Menilik Perlakuan Perpajakan untuk Profesi Atlet
Olahragawan, atau biasa dikenal sebagai atlet, merupakan seseorang yang bisa dikatakan mahir dalam kegiatan olahraga, atau dalam bentuk lainnya yang berkaitan dengan pelatihan fisik.
Seorang olahragawan atau atlet biasanya ikut serta dalam suatu perlombaan atau pertandingan, yang mewakili suatu klub, daerah atau negaranya. Definisi resmi terkait olahragawan atau atlet, termaktub dalam Pasal 1 Ayat (6) dan (7) Undang-undang (UU) Nomor 3 tahun 2005 tentang Sistem Keolahragaan Nasional.
Dalam beleid tersebut, atlet diartikan sebagai seseorang yang gemar berolahraga dalam rangka mengembangkan potensi jasmani, rohani, dan sosialnya, dengan mengikuti pelatihan secara teratur, dan turut mengikuti kegiatan kejuaraan dengan penuh dedikasi untuk dapat mencapai prestasi.

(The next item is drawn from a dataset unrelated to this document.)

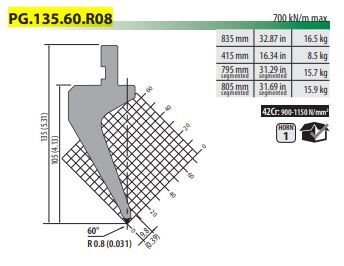 PG135.60.R08 PUNCH 60° R=0,8 H=105 L=835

Meski ada kata "gemar" dalam definisi atlet, namun pada praktiknya atlet sejak dulu bukanlah seseorang yang hanya suka melakukan kegiatan olahraga. Melainkan, menjadikan kegiatan olahraga tersebut sebagai profesi yang ditekuni. Misalnya, seorang atlet sepak bola atau bulu tangkis.
Seperti layaknya semua masyarakat Indonesia yang telah memiliki penghasilan, seorang atlet juga merupakan wajib pajak. Artinya, atlet membayar dan melaporkan pajak atas penghasilan yang diterima.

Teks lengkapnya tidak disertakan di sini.